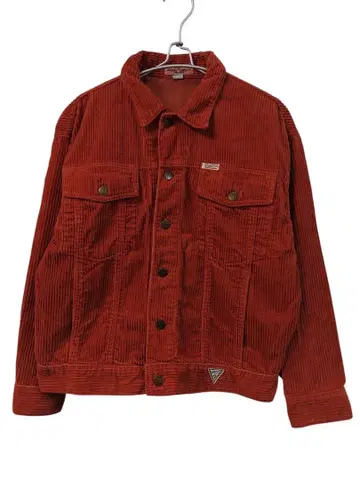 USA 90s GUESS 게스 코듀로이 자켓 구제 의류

--

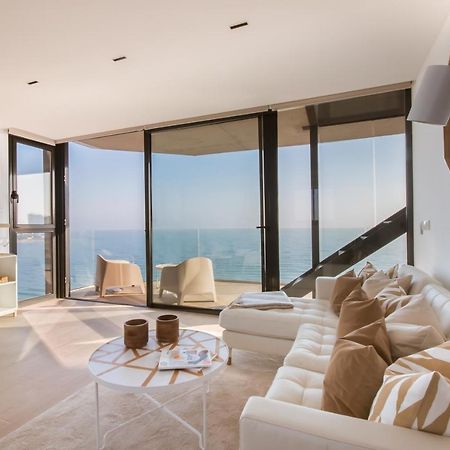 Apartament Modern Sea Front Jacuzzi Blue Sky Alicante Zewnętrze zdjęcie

--

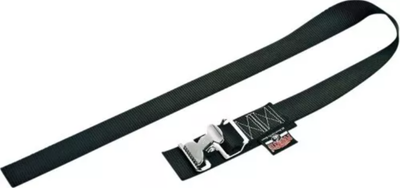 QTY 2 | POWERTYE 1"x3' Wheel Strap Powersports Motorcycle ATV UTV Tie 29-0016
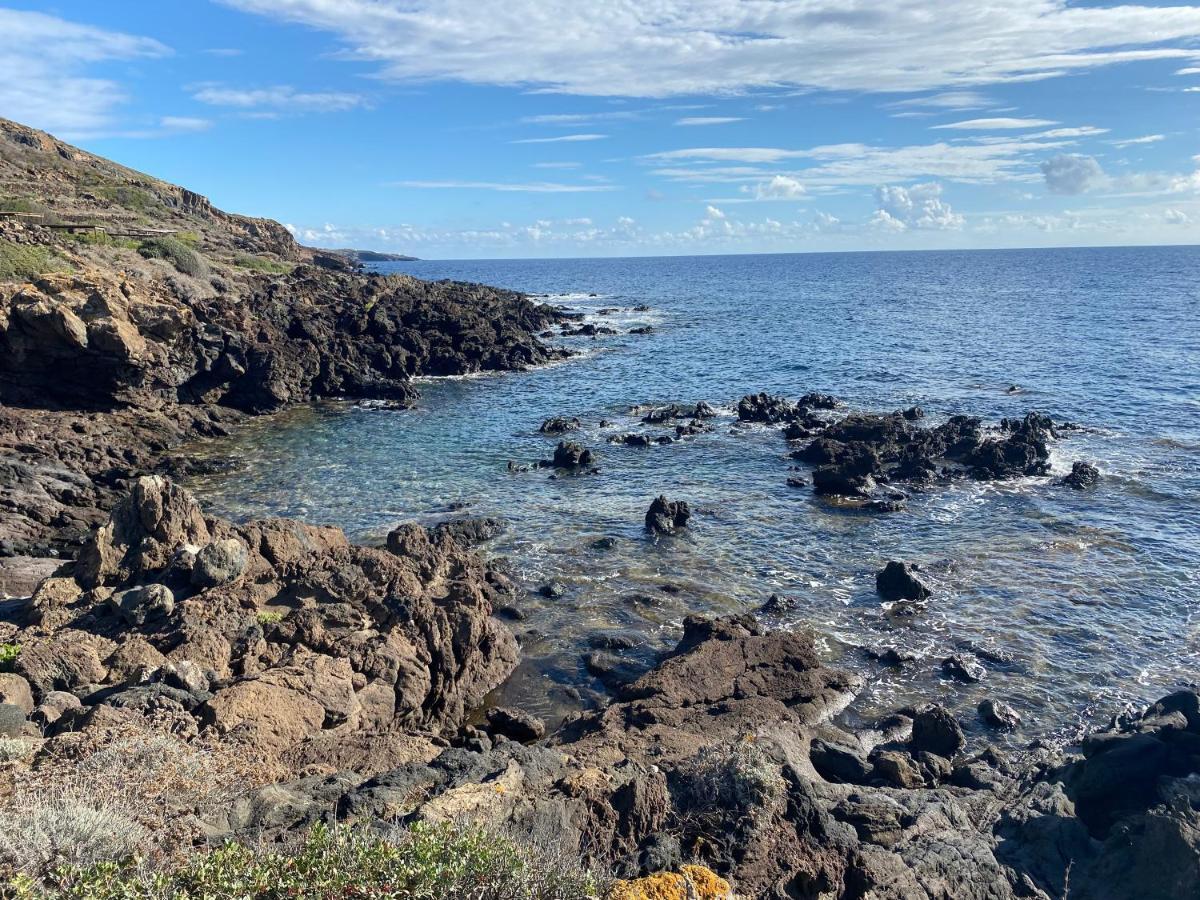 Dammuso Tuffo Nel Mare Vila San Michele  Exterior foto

--

■ Your objective: Copy exactly the part of the material above that opens with the line containing "QTY 2 | POWERTYE" and closes with the line containing "Dammuso Tuffo Nel", ends included. Drop the images.

■ Answer:
 QTY 2 | POWERTYE 1"x3' Wheel Strap Powersports Motorcycle ATV UTV Tie 29-0016
 Dammuso Tuffo Nel Mare Vila San Michele  Exterior foto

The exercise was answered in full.